I'm ever so glad you think so.

>But I don't think it's necessary for HTML: nobody is allowed to
>change the syntax character set in an HTML document (or LCNMCHAR,
..

Yes.

>As to character classification: all the parser needs to know is: could
>this character possibly be markup? For any character outside the
>ISO-646 repertiore, the answer is no (for HTML, anyway).

Correct, and in Goldfarb, page 200, 7.3.2 he states that anything not
classified otherwise is automatically a dedicated data character.

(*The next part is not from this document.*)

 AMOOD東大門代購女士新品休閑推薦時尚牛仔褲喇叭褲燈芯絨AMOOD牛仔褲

>Perhaps ERCS is the most cost effective solution, but just for my own
>edification: is my conjecture that it is not necessary for HTML
>sound?

To a certain degree, yes. If one only changed the BASESET, you'd
effectively be limiting yourself to character sets in which ASCII is a
subset (admittedly a large group). However, we also open ourselves to
problems: for example, wide spaces in SEPCHAR areas, and SHUNCHARS.

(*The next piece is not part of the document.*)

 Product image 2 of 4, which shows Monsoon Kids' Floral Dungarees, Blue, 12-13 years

One way or another, are going to be relying on the browser writers
to "get it right", and they probably won't. Even if they do, it'll
mean that (potentially) every character set supported will require
changes to the parser, and that is probably the one place you don't
want to change too much.

>>I won't go into excruciating amounts of detail, but rather, let the
>>figures speak for themselves, and let inventive minds think of the
>>optimisations one could perform on the above.
>
>I think going into excurciating amounts of detail is very much
>necessary.

If I go into much more detail, I'd be supplying you with code...

>I think there is some implicit data in the above figures. I don't see
>how the MIME charset parameter fits in, for example. And it's not
>precisely clear what the "bandwidth" of all the arrows is.

The mime charset decides which decoder, and which normaliser (mapping
table) are used. Everything up to the normaliser would be of whatever
"width" the encoding required, and everything after that, would
(ideally) be in 16 bits (ie. UCS-2).

>For example: does every browser have to support the whole unicode
>character set?

Not necessarily, though that would be ideal. You can state preferences
via the Accept-Language, and Accept-Charset: parameters, and limit the
output side to whatever you want (limiting the parser makes no sense
since supporting the whole thing is trivial).

>Where do the fonts come from?

Have a look at the SAM ftp site <URL:ftp://ftp.cc.monash.edu/matty/>,
and on <URL:http://www.ntt.jp/> for some fonts. The former also has
9term (a Unicode terminal program for X) in another directory (I
forget which). These will give you a start toward building a full set
of Unicode fonts.

I should note that I often hear "there's no fonts" as a reason for not
using Unicode. This is simply not true. It is quite easy (at least on
X11) to build up a set of fonts by "borrowing" from existing fonts,
and rearranging the glyphs.

>The need I see is for folks to be able to use the encodings that
>they're used to using. I agree that Unicode will ultimately be
>cost effective, but I wonder about how to get the ball rolling.

In the figures I pointed out an extraordinarily easy way of enabling
browsers to be "multi-charset and encoding" aware. I thought they were
quite understandable, especially to people with SGML knowledge.

>Hmmm... I have a press release about Spyglass and NEC doing a

Spyglass, maybe. NEC. I used to work there...

>UTF-8 I'll buy. UCS-2 has some serious compatibility issues. You can't
>do UCS-2 and call it text/html, for example, because of the MIME CRLF
>rules. You'd have to call it application/html.

This myth has already been dispelled (at least as far as HTTP is
concerned).

Please read my paper. If you like, I'll send you a copy nicely marked
up in (unvalidated) HTML. I'll also send you ERCS if you want it.

Hey. It passed the Mosaic+Netscape test... :-)

---
Gavin "I must be a gadfly by now, surely." Nicol
NOT speaking for EBT!